Por: Elio Masferrer Kan, (ENAH/INAH-México)
Una de las cuestiones más complejas y de imposible solución es el duelo de las personas a quienes les ha fallecido un ser querido en la pandemia. En el concepto católico del mundo el alma es un regalo de Dios y es lo que da a las personas su propio carácter, el alma es inmortal, no antecede al cuerpo ni tiene origen material. Cada ser humano es único en cuerpo y alma. La muerte de una persona implica que el cuerpo queda, polvo eres y polvo serás y será el alma quien se presenta ante Dios.
En esta perspectiva el fallecimiento de una persona es vista como una situación que llevaría en forma casi automática el alma de la persona ante Dios. En la concepción cristiana se hace énfasis en el desempeño de la persona a lo largo de su existencia y el acceso al Paraíso es de alguna manera un premio por sus comportamientos en la vida terrenal.
Esto no es compartido en muchas expresiones del catolicismo popular latinoamericano. Los antiguos mexicanos veían la muerte como un proceso complejo y no tenían el concepto de alma del cristianismo. Los muertos se trasladaban a diferentes moradas según habían fallecido, quienes morían ahogados o de enfermedades acuáticas iban con Tlaloc, el Dios de la Lluvia. Los guerreros que morían en combate acompañaban al Sol desde que salía hasta el Cenit y las mujeres fallecidas en el parto, acompañaban al Sol hasta su declive en el oeste. Los muertos en general iban al Mictlán, un lugar de penumbras, apenas alumbrado por el Sol Nocturno, a trabajar para los dioses y los familiares debían alimentarlos para que no se desintegraran, pasado cierto tiempo desaparecían y los dioses necesitaban más gente. Cuando los misioneros amenazaban a los indígenas con el Infierno, sus descripciones no tenían mayor impacto pues se parecían al Mictlan, donde la mayoría del pueblo tenía claro que iría después de la muerte.

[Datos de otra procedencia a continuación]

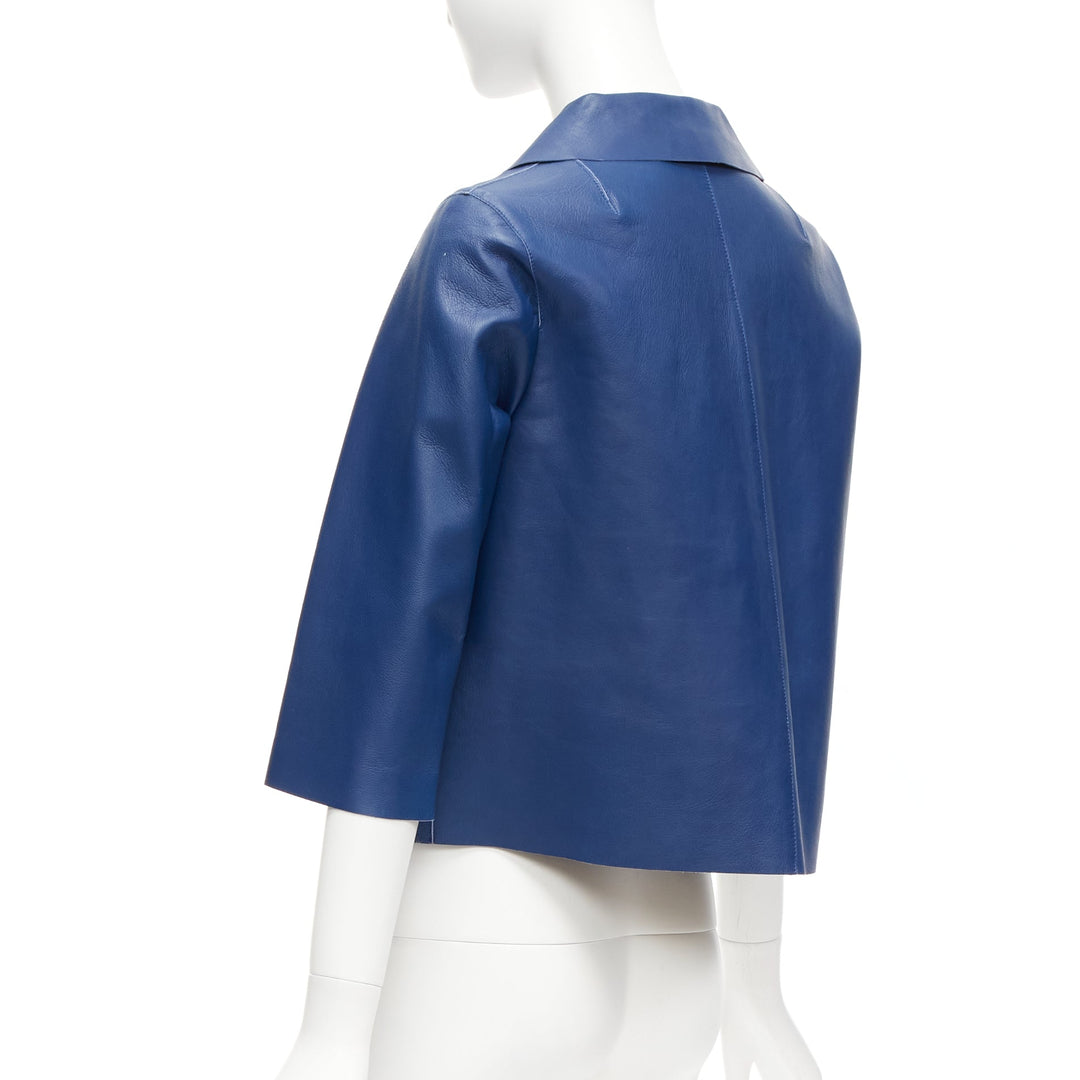 MARNI 2013 blue lambskin leather shoulder darts pocketed cropped jacket IT36 XXS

Las visiones del mundo relacionada con la muerte son las que tardan más en modificarse. En esta perspectiva el catolicismo sincrético, compartido por el 70% de los católicos los lleva a considerar que los ritos mortuorios son indispensables para asegurarle al fallecido una buena despedida y apoyo para el largo camino que le toca recorrer a su alma. Si estos no se realizan pueden pasar muchas cosas peligrosas para los sobrevivientes, pues el alma del muerto se transforma en un “alma en pena” que puede agredir a los parientes y amigos que no le cumplieron. La pandemia ha trastocado todas estas costumbres funerarias, el fallecido será identificado por un familiar que ingresa “protegido” a la morgue y certifica que es su pariente, pero los familiares no pueden realizar misas de cuerpo presente ni velarlo, ni reunirse para rezar durante 9 días para acompañar al muerto y alentarlo en “la travesía hacia el más allá”.

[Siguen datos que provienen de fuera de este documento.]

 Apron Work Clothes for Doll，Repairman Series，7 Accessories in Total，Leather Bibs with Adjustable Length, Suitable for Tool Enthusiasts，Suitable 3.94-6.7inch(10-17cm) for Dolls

Recibirán además los restos en una pequeña urna, ya incinerado. Este catolicismo popular considera que partes vitales del fallecido aún están “vivos” en el cuerpo, “que ha sufrido mucho y que sigue sufriendo”, incinerarlo es “lastimar aún más” al fallecido. Será visto como una nueva agresión y se sienten culpables pues no han podido “defenderlo”.

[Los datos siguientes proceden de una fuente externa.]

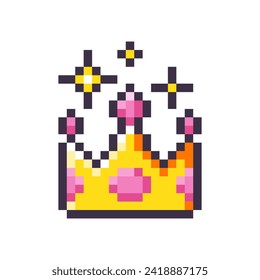 Golden crown with pink rubies isolated on white background. Medieval crown with diamonds icon. Game item. Vector pixel art illustration in 8-bit old style.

Tenemos enfrente un problema que afecta a la sociedad imposible de resolverse, debemos agregar que los parientes que compartieron la casa es probable que estén en cuarentena o abiertamente contagiados, lo cual imposibilita el contacto con otros familiares y amigos y se pone en peligro a quienes quieren consolarlos.
En tiempos de pandemia el desafío es encontrar soluciones viables a problemas que no podemos resolver.